They were right on the first part. Government deficits ballooned. But they were dead wrong about interest rates and the economy. Interest rates fell and the economy boomed.
In June 1991, at an M.I.T. reunion, I had a long discussion/argument with an old classmate who graduated in economics and was, and is, the chief economist at a major consulting firm. He argued that the government deficits would drive interest rates higher. I argued that people’s response to rates (by not buying ever larger houses with ever larger mortgages) would drive rates lower.
Long-term Treasury rates at the time were 9%. By late 1993 (two and a half years later), they had fallen to 6%. In late 1993, we concluded that the bond rally was over.
The best explanation I’ve found for “The Reagan Lesson” came from a friend of mine, a professor of economics at Duquesne University. In 1980, he shared with me the five-day workweek analogy (which was described in the “Prosperity” essay). The analogy culminated in this question: “If on Friday you had to pay 50% taxes on your earnings, would you come to work?” Most people say “no.” Clearly, you can tax away work incentive.
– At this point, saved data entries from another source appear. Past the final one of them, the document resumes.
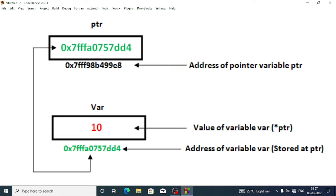If someone comes to your previous address, what happens is that person will get someone else instead of you. So in C, pointers is something like that. When we declare a variable, it reserves a space in our computer memory and that particular space has a particular address.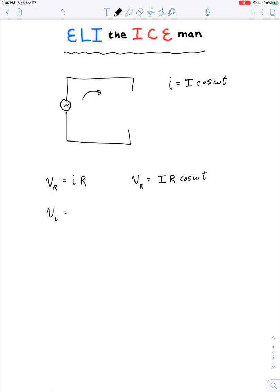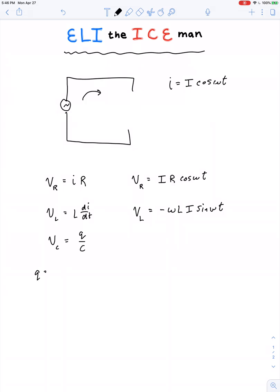Voltage across an inductor is equal to L di/dt, so at any instant the voltage across an inductor equals negative omega L times I times sine omega t. The voltage across a capacitor is equal to charge divided by capacitance, and we can find charge by taking the integral of I dt. So at any given instant, the voltage across a capacitor is equal to I divided by omega C times sine omega t.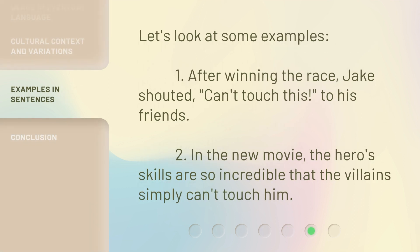Let's look at some examples. One: after winning the race, Jake shouted can't touch this to his friends. Two: in the new movie, the hero's skills are so incredible that the villains simply can't touch him.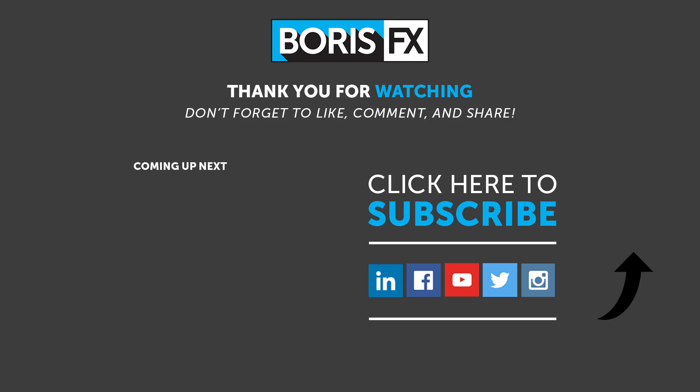Thanks for watching. To learn more about Sapphire Lens Flare and all the other effects that are available in the Sapphire collection, visit us at borisfx.com, where you'll also be able to find the latest product news, tutorials, and download a free trial. Thanks for now, and I'll see you again soon.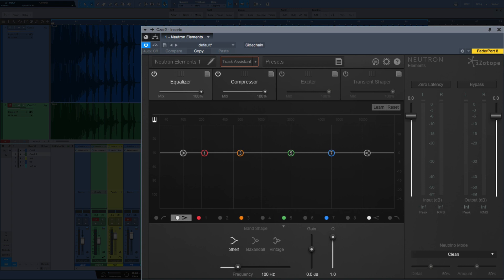Kind of the key feature of Neutron is the ability for it to analyze your audio and create presets — it'll set its own EQ, compression, and so forth. I'm used to making my own EQ and compression moves, so not something that I've used a lot. But that is something you are able to do with Neutron — it's kind of the main pull to it.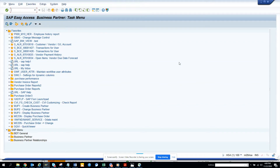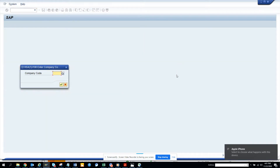Hi friends, now we're going to talk about how we can find the authorization object behind a particular transaction code by doing a debug. So suppose I want to know the authorization object behind FB60, so I go to authorization object and I go to FB60.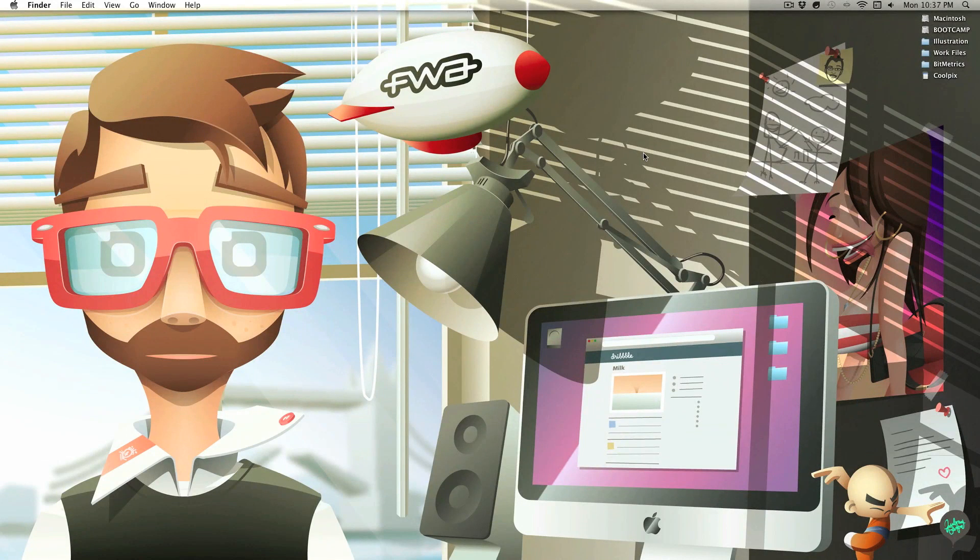Hello YouTube, my name is Tyler Recker and welcome back to another screencast tutorial. In today's tutorial, I will be going over vector masks in Adobe Photoshop.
Here’s a real-life example. At one time, I tried to teach my teenage daughters about saving money by insisting they save 50% of their earnings. (I thought they were spending frivolously.) But the next time I asked them to work, they refused. It seems they had a lesson for me. I learned that what I thought was “frivolous” spending was, in fact, their incentive for working. Think of it this way. What encourages you to work overtime and produce more? Is it basic food, clothing, and shelter; is it discretionary goods like a better car, a better house, or a better vacation; or is it so you can pay more taxes and the government can spend more money? In Japan, for 10 years the government has tried to jump-start the economy by building more roads and bridges. The strategy is straight out of my economics book from the 1960s. It hasn’t worked. It’s why I believe Japan needs a “Ronald Reagan.”
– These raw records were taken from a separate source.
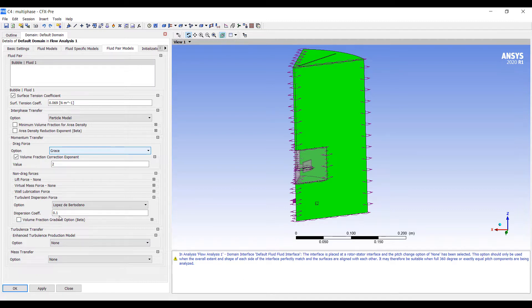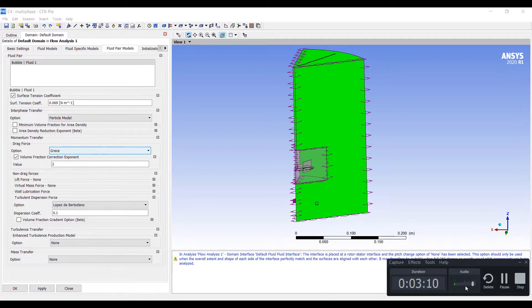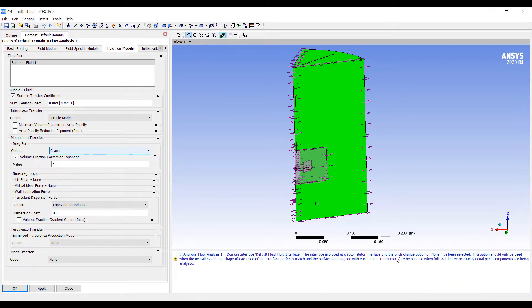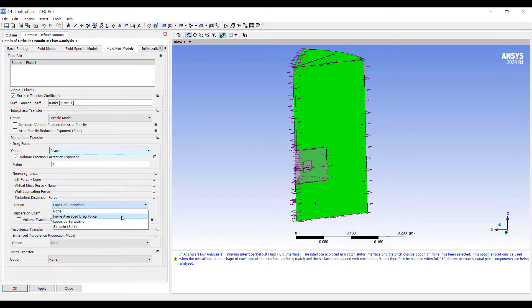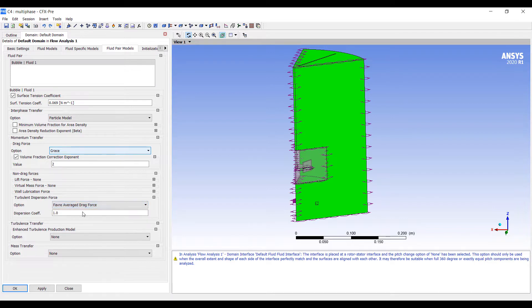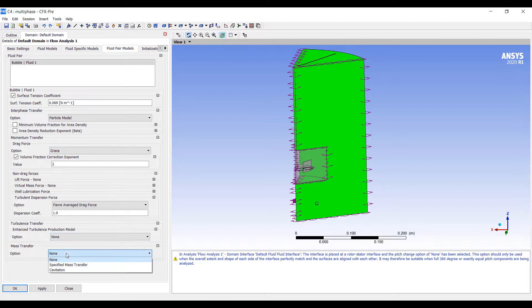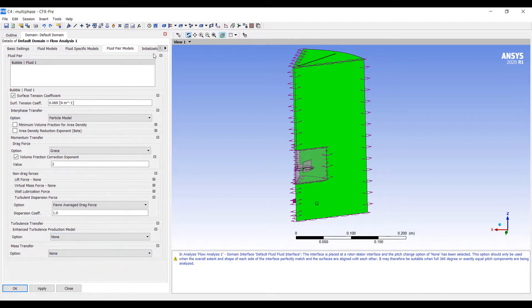This will cause flow to be dispersed. Actually, we should be using Favre average drag force of 1. And we can turn on mass transfer, write an equation for the mass transfer, but in this model, we'll skip that for now.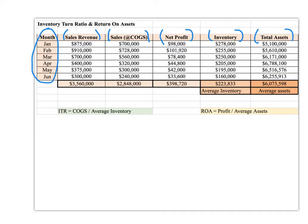I've summed some of the more basic data. Sales revenue is a sum. Sales at cost of goods sold is a sum of the six months, and net profit is a sum. It's important to remember that the other two are not sums — they're averages. The inventory metric is an average: what we had over the six months, on average, was $223,000 in inventory. And on average, our total assets were just over $6 million.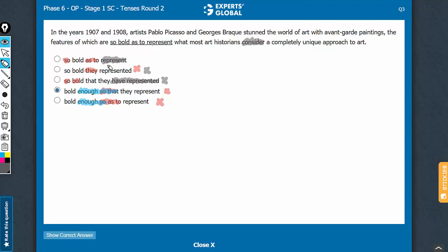Let's confirm choice A. "In the years such and such" is a modifying phrase that modifies artists. A connects the word of art with something, and there is a modifying phrase for the following part of the sentence. "The features of which" — as in, the features of such paintings — "are so bold." The features are so bold: this is the cause, and the effect is that they represent what most art historians consider something.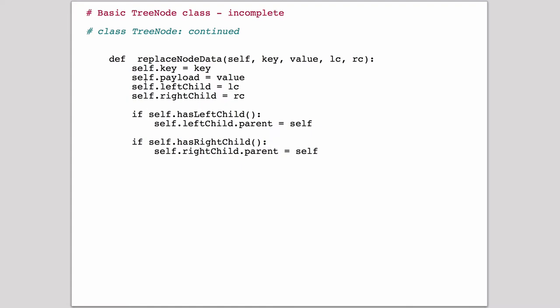So notice that if you replace a child under a node, then you also have to set the parent value of that child to this new node. So this checks if what you just put in here has a left child, then set the left child's parent to self, so it's going to set a pointer up to here, and it does the equivalent thing for the right child.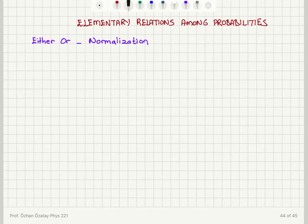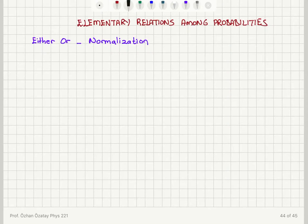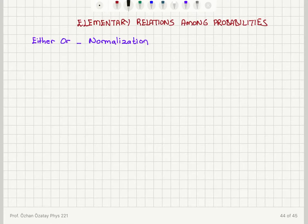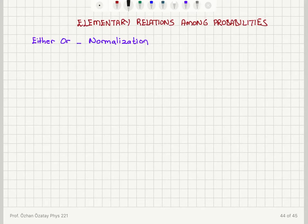Now we're going to talk about some elementary relations among probabilities. We will consider the probabilities of two scenarios: the either/or case, and a special case of either/or which leads to normalization.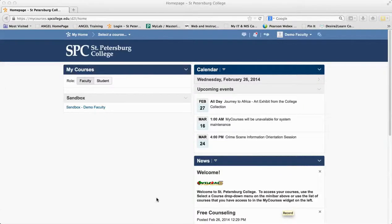I just want to remind you how you navigate and get around Desire2Learn and get into your course. In this specific case, we want you to go to the Desire2Learn or D2L Basics training class. You're in there as a student. There are a couple of ways to get there.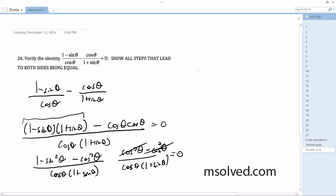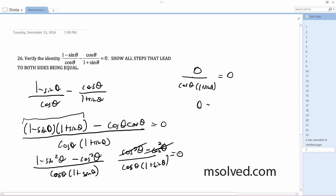And finally, you have 0, and anything divided by 0 is 0. And that's it — that's how you prove it.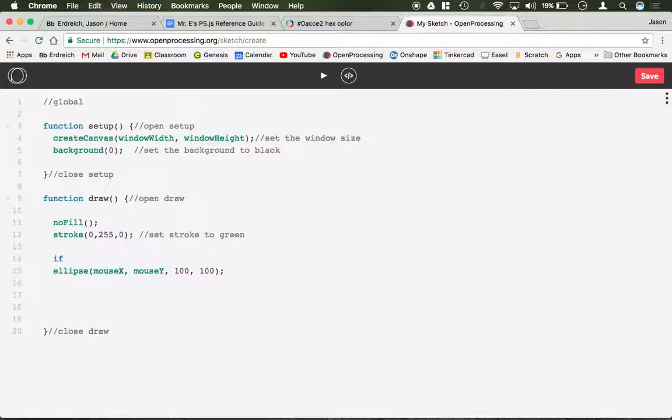But I'm going to say if, parenthesis, open parenthesis. And what goes inside your parenthesis of the if statement, notice how if is actually blue. It's whatever you want to occur in order to make a line of code happen. So for example, if mouseX is greater than 200.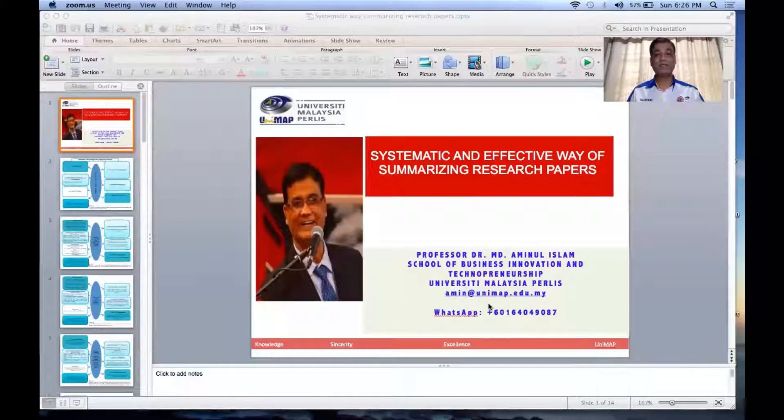Hi, assalamu alaikum. Today I'm going to show you an effective way of summarizing research papers. Through my experience supervising and dealing with research students and colleagues, I found that researchers have been struggling to summarize a research paper. A research paper could be 10 to 40 pages long, but we take only a few lines or sentences from it — so how do you know which part is essential, useful, and relevant to your research? I'm going to show you today how you can effectively, productively, and systematically summarize a research paper.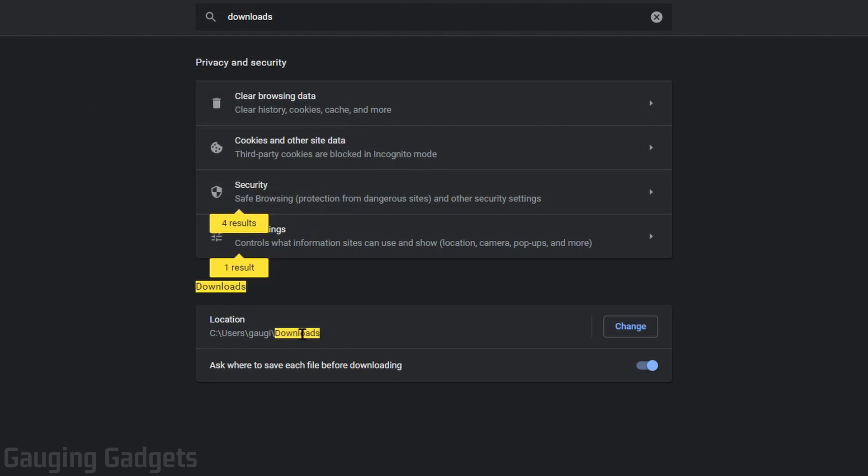This will first show you where your current downloads are being saved on your computer. And to change that, all we need to do is select change right here.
Ronald Reagan understood the economic incentives of tax rates. He understood that if you lower the tax burden, people will produce more, the economy will expand, and over time, tax receipts will also expand. George H. W. Bush did not understand this, and he allowed conventional economic arguments to convince him to break his pledge and raise taxes. President Clinton doesn’t understand it, which is why he could make the statement, “We could cut taxes, but you might not spend it right.” I didn’t think my daughters were “spending it right,” but I learned that there is no “wrong” spending in the private economy, because that spending is the incentive for more production.
Reagan’s tax cuts did create a deficit, but deficits per se are not the problem. The question is what you use the money to accomplish. Personally, I’ve used deficit spending in 17 of the past 38 years: six years when I was in college, eight years when my kids were in college, and three years when we bought houses. Each worked out well. I have not borrowed money to take a vacation or buy a new car, nor to buy things that depreciate. Ronald Reagan borrowed money to get the economy moving again and to win the Cold War. Both worked very well.
Today we’re hearing the same arguments against tax cuts that we heard in 1980. Politicians believe they can spend our money more wisely than we can. That is no surprise. What’s surprising is how many economists still believe this after the evidence of the last 20 years.
But the pertinent question is not who can spend the money more wisely. The pertinent question is which spending results in the greater incentives for more production and thus more prosperity for ourselves, our kids, and our grandkids? With the top income-tax rates (including state income taxes) at 40%-50% we are once again at risk of killing the incentive for economic growth.
We need only to look at estate taxes to see the result. Estate tax rates are at 37%-55%. And today we’re seeing schemes for avoiding estate taxes that rival the tax shelters of the 1970s in complexity and nonproductivity.
To me, elections are not about Democrats versus Republicans. Elections are about politicians versus taxpayers and consumers. Elections are about choosing bigger government versus choosing smaller government.
I’m amazed at the number of intelligent people who tell me they’re not likely to vote because they “can’t get excited about either candidate.” Folks, it’s only the free market that offers you 15 choices of cereal or toothpaste so you can get exactly what you want. Government is different from the free market because it insists upon only one solution for all people. In the upcoming election, our choices are down to two. We will have a president, and he will have an agenda. If we don’t choose the better agenda, we will have to live with the other one.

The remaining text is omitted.